Sleepy Hollow certainly knows how to spice these kind of folk tales up, especially since this basic yarn about a tragic woman in Upstate New York turns out to be another literal ghost from Ichabod’s past. Enter Mary, our fourth woman vying for Ichabod’s attention in this episode alone.

By recollecting the green-eyed woman who apparently was once Ichabod’s betrothed, we are treated to two flashbacks. The first is more hilarity involving Mary incredulously (and unbelievably) braving the Atlantic during a time of war to woo Ichabod back to England. Her father might have forgiven him, but I have my doubts if King George would be so lenient on an officer who threw down his red coat and took up arms against the crown. In any case, Mary quickly figures out that Ichabod only has eyes for the bewitching Katrina. And somehow, she’s come back to 2014, more jealous than ever.

It’s an amusing premise set into motion by the dastardly Henry and the Headless Horseman. However, while it makes Henry more entertainingly evil than ever, it does continue the degradation of old Headless. Last season he was Death made flesh, Hell on a Stead. Now? He’s so obsessed with a married woman that clearly is not into him that he’s having to turn to her adult son for advice on how to stop her from Disney Princess messaging Ichabod via talking birds. Maybe, the Horseman should just cut his losses and join OKCupid?

In any event, Mary herself is a fearsome creature with all computer generated black shrouds and water that threaten to drown any she encounters. First poor, sweet, deluded Miss Caroline ends up on the watery shores of the Hudson, and next Abbie gets submerged when Mary comes calling in the public library. The best thing about this is that Abbie actually attempts to arrest the marauding spirit. If only it had worked, so she could have turned to Ichabod moments later and said, “She just got ghost busted.” Alas, the spirit instead tries to drown Abbie until Hawley shows up.
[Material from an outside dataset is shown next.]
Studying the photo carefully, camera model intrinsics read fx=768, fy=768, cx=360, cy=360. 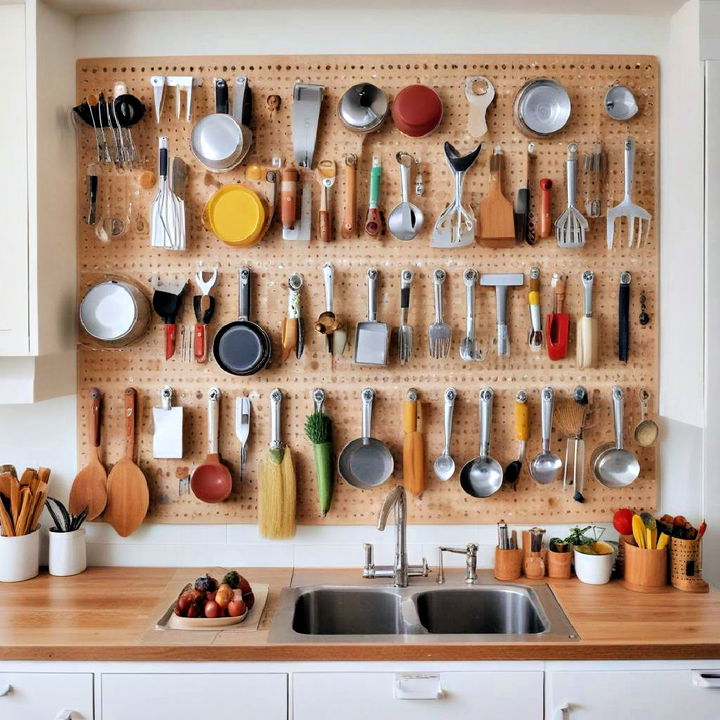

Last week, I was apathetic toward Hawley’s inclusion. In this episode, the contrivances of the plotting for his recurrence have still not won me over, but I did better enjoy Matt Barr’s performance as the interloper offering a romantic rival for Ichabod and, honestly, both Mills sisters. I especially liked his high-priced and ultimately worthless silver crossbow. Of course it doesn’t work, but I hope Hawley wasn’t whistling “Swan Lake” when he suggested that it was from the “real-life Van Helsing.” So wait, Van Helsing was a real person in Sleepy Hollow’s universe? Does that mean we could see Dracula down the road? That would be awesome. I mean, he’s appearing on every other network nowadays (NBC, Showtime, basically FX), bring the big bad to Westchester County, too.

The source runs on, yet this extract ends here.